The champions were entitled to qualify for the 2023 Copa Sudamericana, taking the Bolivia 2 berth for that competition, as well as the 2022 Supercopa Bolivia and would also earn a prize of US$ 500,000.

The competition was cancelled by the FBF on 18 July 2022, prior to the start of the national stage, after 28 out of the 32 teams that qualified failed to fully comply with the established requirements.

Format
The competition consisted of a preliminary stage and a national stage.
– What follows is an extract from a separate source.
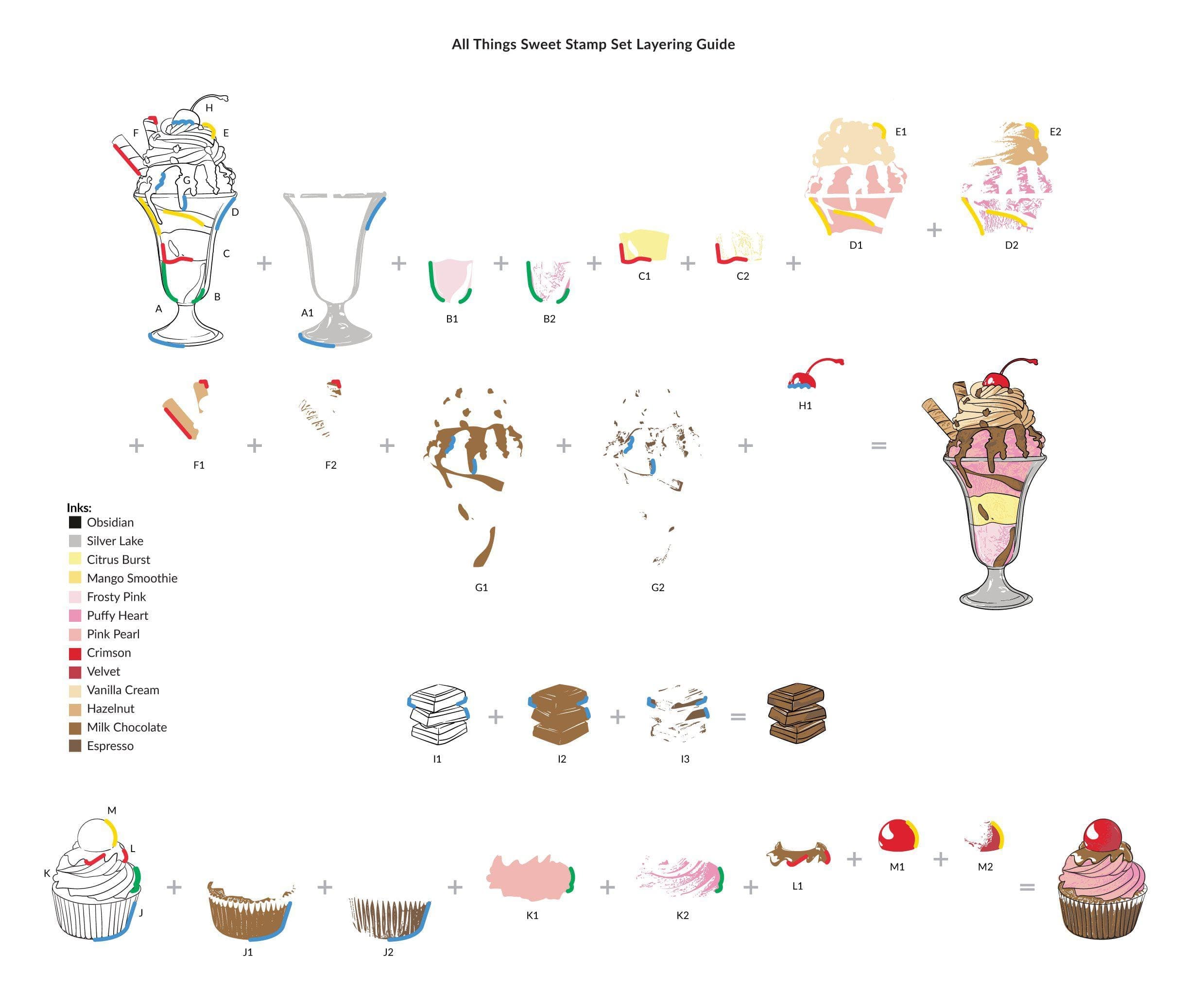 altenew-all-things-sweet-stempelset-6x8-zoll-cupcake image 2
In the preliminary stage, which was contested on a regional basis, the teams from each regional association took part in a knockout tournament which qualified one team from each regional league to the national stage, where they would join the 16 División Profesional teams (including the two promoted teams for the 2022 season), along with the other six quarter-finalists of the 2021 Copa Simón Bolívar, and the losing team of the 2021 promotion/relegation play-off (Real Potosí) to make a field of 32 teams.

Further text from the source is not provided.